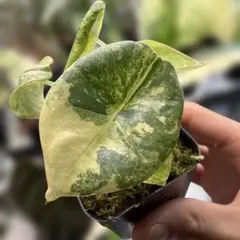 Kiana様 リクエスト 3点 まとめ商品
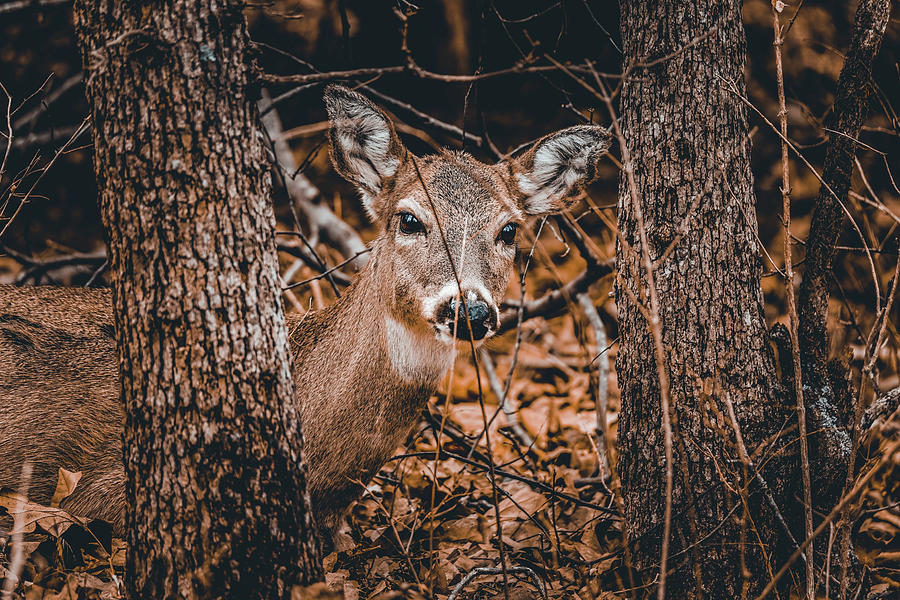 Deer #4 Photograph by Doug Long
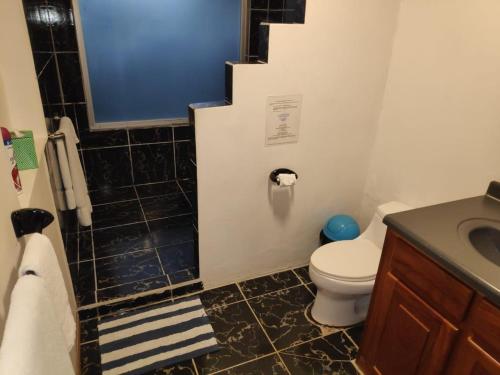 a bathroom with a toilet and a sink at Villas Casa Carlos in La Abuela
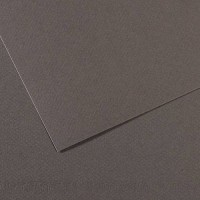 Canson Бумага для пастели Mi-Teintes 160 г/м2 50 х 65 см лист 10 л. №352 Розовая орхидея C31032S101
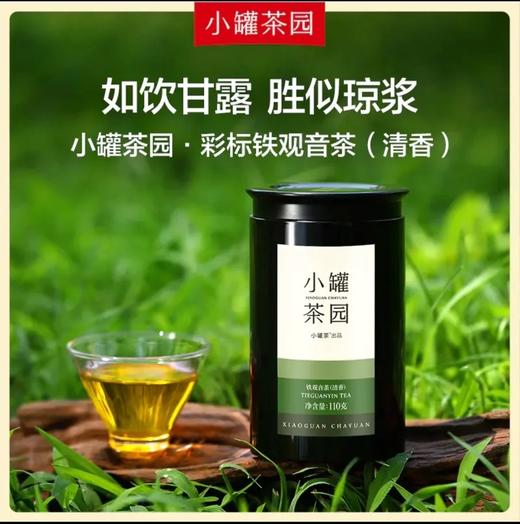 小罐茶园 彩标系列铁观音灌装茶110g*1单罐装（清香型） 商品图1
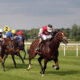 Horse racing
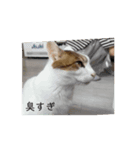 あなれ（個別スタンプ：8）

■ ■ ■ ■ ■

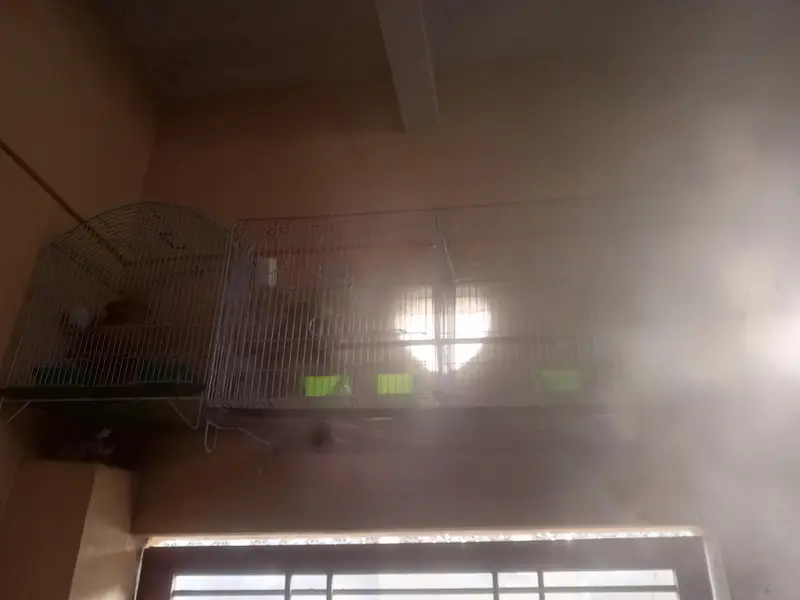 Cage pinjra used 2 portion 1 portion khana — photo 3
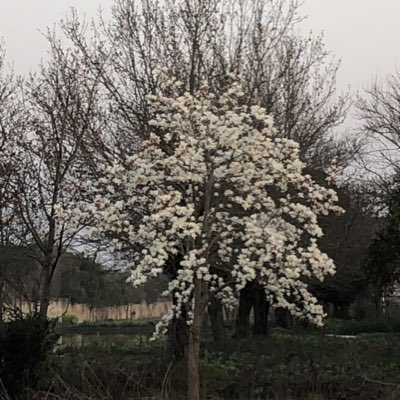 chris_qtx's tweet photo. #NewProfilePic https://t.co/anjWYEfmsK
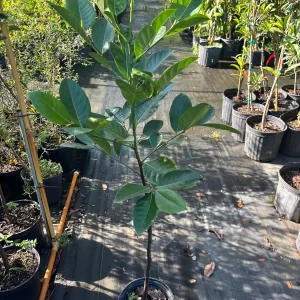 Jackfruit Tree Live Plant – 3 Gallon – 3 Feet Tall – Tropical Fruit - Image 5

■ ■ ■ ■ ■

YOUR INSTRUCTIONS: From the data above, return exactly the lines from the one with "Kiana様 リクエスト 3点 まとめ商品" up to and including the one with "あなれ（個別スタンプ：8）". Pictures do not go in the copy.

ANSWER TO THE PROBLEM:
 Kiana様 リクエスト 3点 まとめ商品
 Deer #4 Photograph by Doug Long
 a bathroom with a toilet and a sink at Villas Casa Carlos in La Abuela
 Canson Бумага для пастели Mi-Teintes 160 г/м2 50 х 65 см лист 10 л. №352 Розовая орхидея C31032S101
 小罐茶园 彩标系列铁观音灌装茶110g*1单罐装（清香型） 商品图1
 Horse racing
 あなれ（個別スタンプ：8）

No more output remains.